Wild Grass marks one of the most formally ambitious films of the year - not surprising coming from cinematic great Alain Resnais who, at 88 years of age, directs with more awareness, sense of style fitting content, and, most importantly, genuine passion than nearly any solidified director in his 40's. He and fellow veteran Marco Bellocchio (whose Vincere will remain one of the year's best films) aren't even merely replicating the style and themes that composed their great films, but adapting to the changing times with either modern stories (Resnais) or a politically aware period piece (Bellocchio). With Wild Grass, Resnais addresses old age discontent somewhere between the kinetic elegance of De Palma and the soapier, saturated mise-en-scene melodramas of Almodovar. Yet he's never solemn or drowsily serious - he remains playful while poignant, not cynical nor slapdashedly whimsical - there's an odd blend of tones and visual ticks that, while varying in terms of effectiveness, nevertheless demonstrate a filmmaker who has not tired of his chosen medium and, for that reason alone, his film deserves praise.

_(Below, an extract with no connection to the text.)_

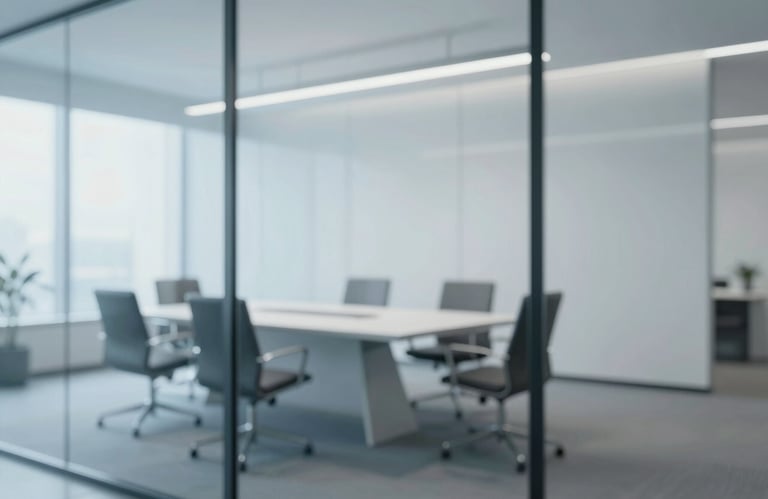 An interior shot of a minimalist, high-end corporate board room with glass walls, reflecting a clean and professional agency environment. Uses the palette #F5F8FA and #CCD6E0.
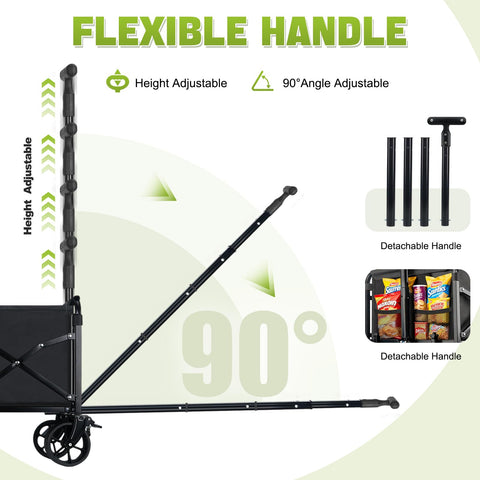 Favsh all-terrain wheels with 360° swivel improve maneuverability on sand, grass, and pavement.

Thankfully, ambition alone is not all Resnais displays throughout his PG rated film. A prologue establishes the narrative crux - after splurging on some shoes (the narration makes it clear that this woman's feet are deserving of attention) Marguerite Muir (Sabine Azema) has her bag snatched by a thief. The contents of her bag are dispersed, the wallet finding itself behind the left tire of a car belonging to Georges Palet (André Dussollier), a wealthy, married, but discontented bourgeois slackened by a life slowly running out of meaning. The wallet does not preface a meet-cute; rather, Georges' hope that this woman will show some verve in taking the initiative to not only thank him, but meet him as well. Resnais shoots these opening scenes with fluid long takes, oddly placed or unorthodox, with deep neons and monochrome lighting, but embodying his hybridization of melodramatic love story with noirish elements (societal unrest, personal crisis). Even creative split frame shots, as Georges gets a secondary vignette while driving, plotting his nervous phone call. Furthermore, Resnais intercuts shots on blowing tall grass throughout (Marguerite also has a head full of frizzy read hair), the metaphor not literal in the sense that the blowing grass (or wild grass) stands in for the unclaimed desires of Georges, but that nature's untamed allure often falsely enables a sense of lost time in the well-to-do, meaning Resnais' premise (adapted from a novel by Christian Gailly) isn't merely a trite tale of ennui (or midlife crisis, if you prefer), but a grander meditation on contrasting environments - the constructed reality with the real, that which exists outside of the societal - the wild grass, uncultivated, but not meant to be idealized and romanticized, since such fetishizing only leads to death and despair. It's an unspoken portion of the film's larger themes that could go unnoticed amidst its simultaneous flair for the absurd and the sublime.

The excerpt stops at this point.